Re: Low activity
Actually, you have a point. We are currently nearing a solar minimum; not just as part of the 11-year cycle, but as part of a larger cycle (41Kr). There is significant evidence pointing to a gradually decreasing amount of solar radiation received by earth over the past 50 years. This lines up well with the overall pre-1900s climactic trends which have shown Earth on the path towards a new ice age. Had humans not dramatically altered the climate, Earth would likely have well and truly begun the next ice age approximately 1000 years from now.
That isn't to say the amount of CO2 we've dumped into the atmosphere is magically a "good thing." The change is so sudden that most ecosystems wills struggle to cope, we're already seeing an unprecedented extinction rate and the slowly altering climate is driving more extreme weather events which cost billions to cope with.
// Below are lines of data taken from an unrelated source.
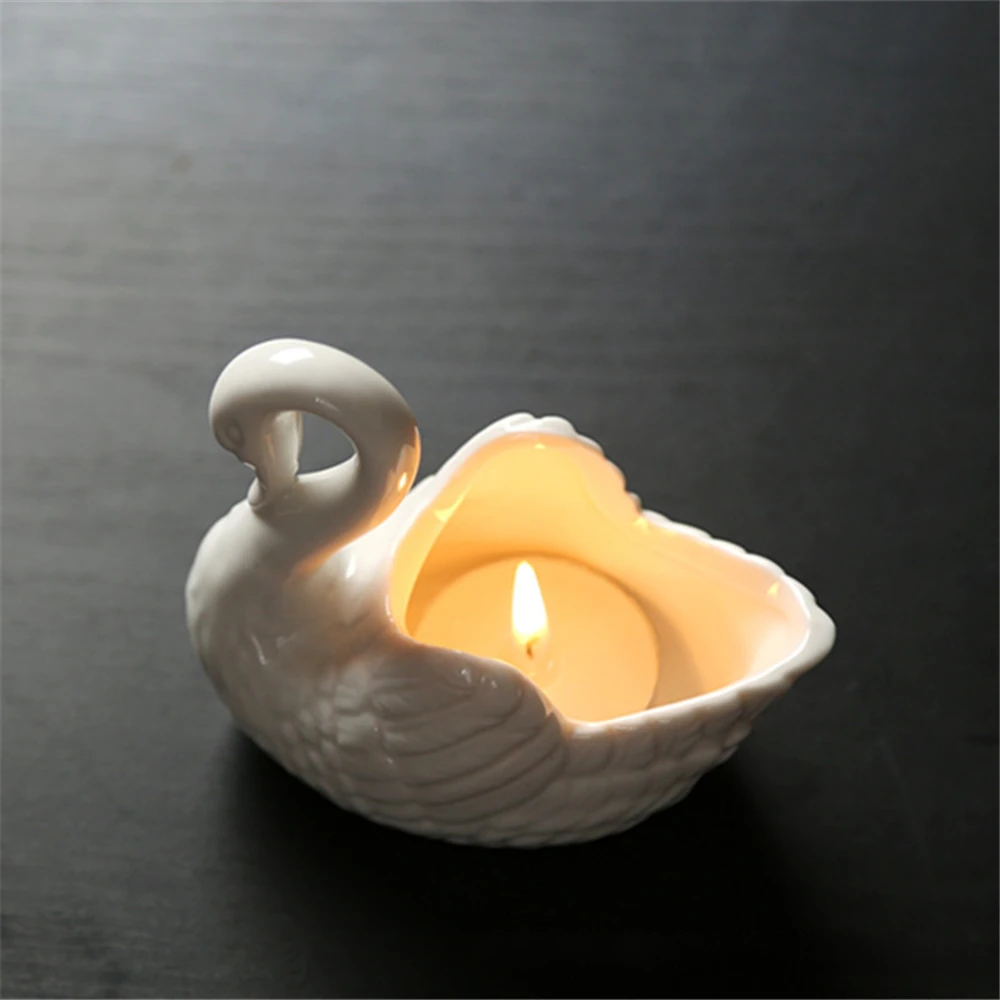 Swan Ceramic Ornaments Decoration Desktop Storage Box Tealight Candles Holder Flower Pot Home Decor Furnishings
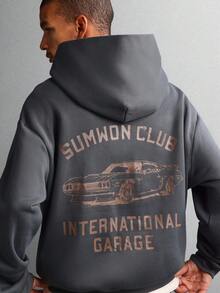 SUMWON Club International Garage 经典羊毛套头连帽衫复古汽车印花设计街头服饰秋冬休闲外套 - 深灰色 - 查看 1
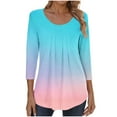 thumbnail image 1 of Womens Tops Trendy Fashion Women's Casual Printing Tops Plus Size Round Neck Shirts 3/4 Sleeve T-Shirt Blouse Pleated Tunic Shirt New Arrivals, 1 of 6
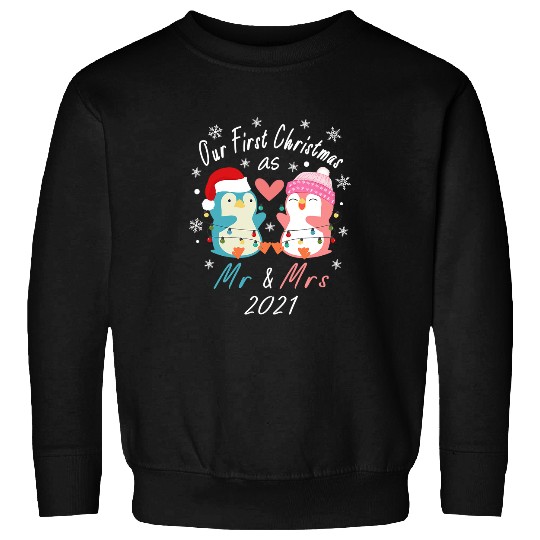 Penguin Pet Our First Christmas As Mr and Mrs Matching Penguin 25 Sweatshirts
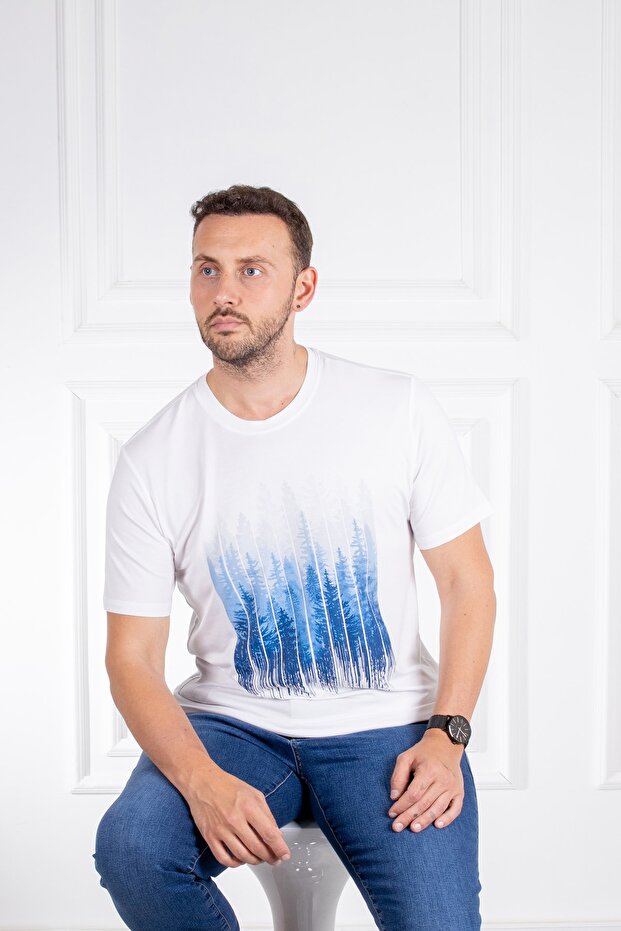 İnterview Sarar O Yaka Basic Baskılı Beyaz T-Shirt - 1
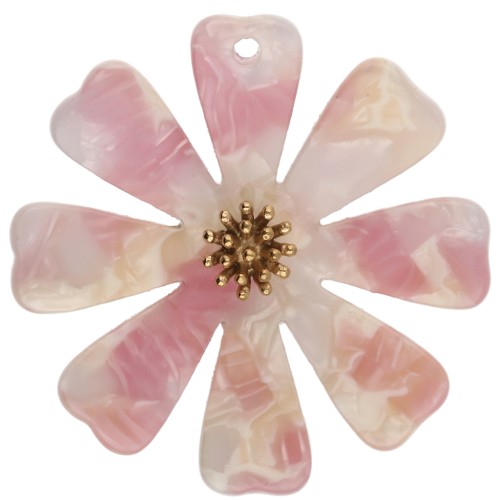 Colgantes con forma de flor de 40 mm, de acetato y acero inoxidable 304 Dorado, rosa y blanco nacarado (x2)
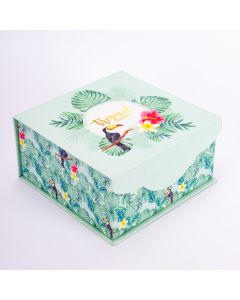 Caja cartón rectangular tropical summer pequeña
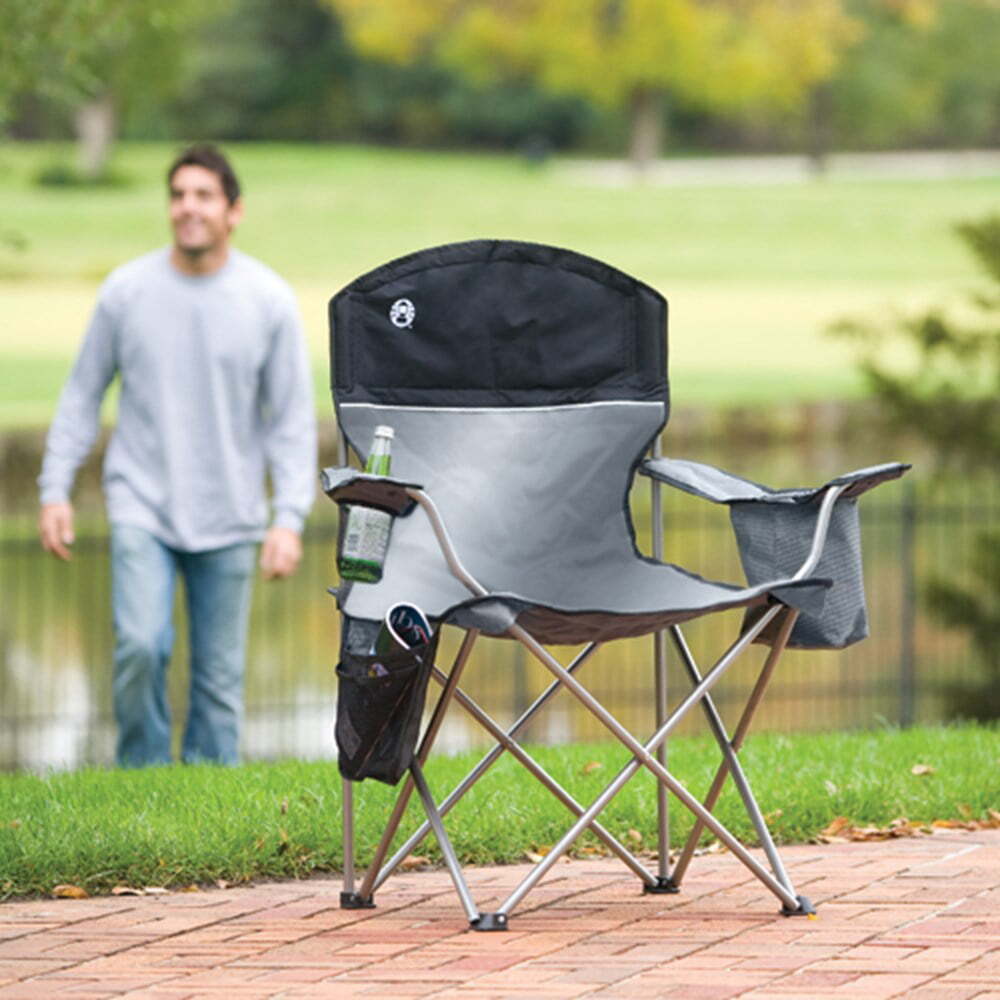 Coleman Oversized Quad Chair with Cooler, Gray/Black for sale 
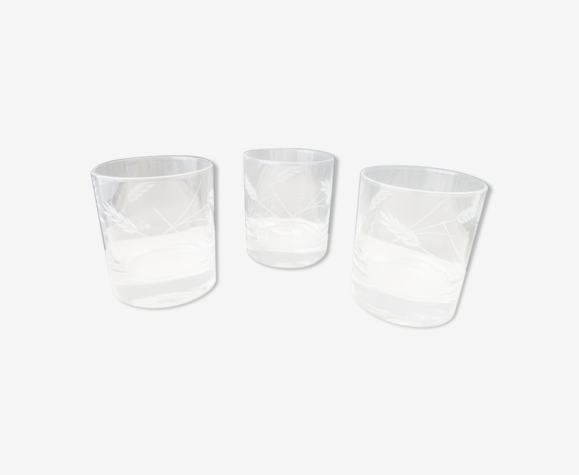 Set of 3 whiskey glasses in Luminarc Model Gerbe Décor Epi. | Selency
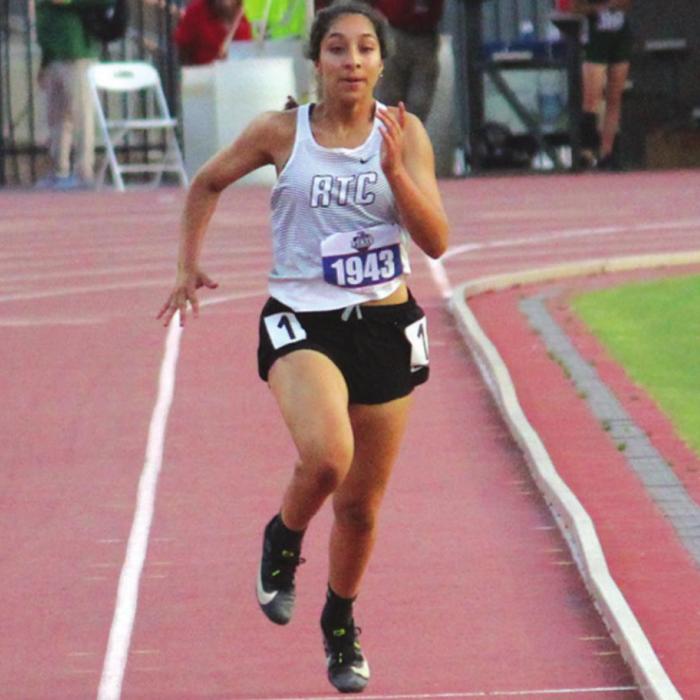 Round Top-Carmine’s Ilse Salinas is shown here running in the 200 meters at state. Photo by Jeff Wick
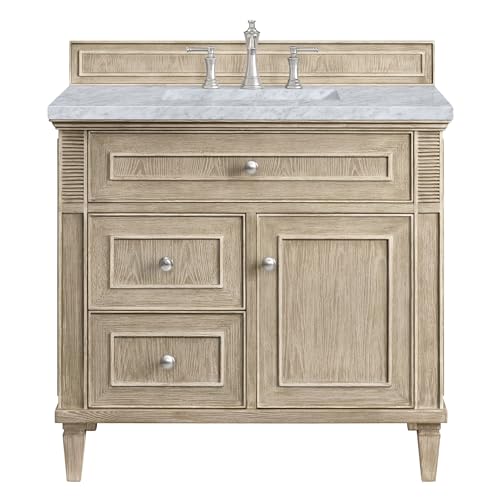 36'' Single Vanity, Whitewashed Oak w/ 3 CM Carrara White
In addition to this the climate is slowly changing rainfall patterns over entire continents; this will lead to further issues for many species, including ours.
Earth is by no means doomed, but a significant number of her species are; we've triggered the most rapid extinction event since the Yucatan impactor/Siberian Traps double-whammy wiped out the non-avian dinosaurs and almost half the marine ecosphere. That will take millions of years to climb back from. Even if we dropped everything and put our backs into mitigation, we'll still see some pretty outrageous effects manifest over the course of the next 500 years.
Small variations in axial tilt can cause events like the little ice age (indeed, it's one theory for the event) as can longer solar cycles than the standard 11-year cycle. Which we may be currently in the midst of, as part of that measured 50-year decrease insolation. Indeed, this has to be combined with the fact that high amounts of particulates in the air - first by the west in the early-mid 1900s and now by China and India - have kept the surface temperatures artificially low for something like 75 years.
Right now we're largely insulated from the effects of the amount of CO2 in our atmosphere. As we climb out of the current solar cycle to see increased insolation of the Earth (again, a separate item from the 11-year cycle discussed int eh article) we'll really begin to feel it. In a much shorter time frame China and India's switch away from coal (in an attempt to make their air breathable once more) will see the particulate levels of our atmosphere drop precipitously; this will lead to dramatic increases in global average temperature (likely on the order of 2 degrees C) within our lifetimes.
So while the 11-year solar cycle is not responsible for a notable decrease in insolation, we are indeed at the lower end of a larger cycle, though not quite at the bottom of certain even larger cycles (such as the Milankovitch cycles which dictate changes in our orbit over time.) Clear as mud? Good.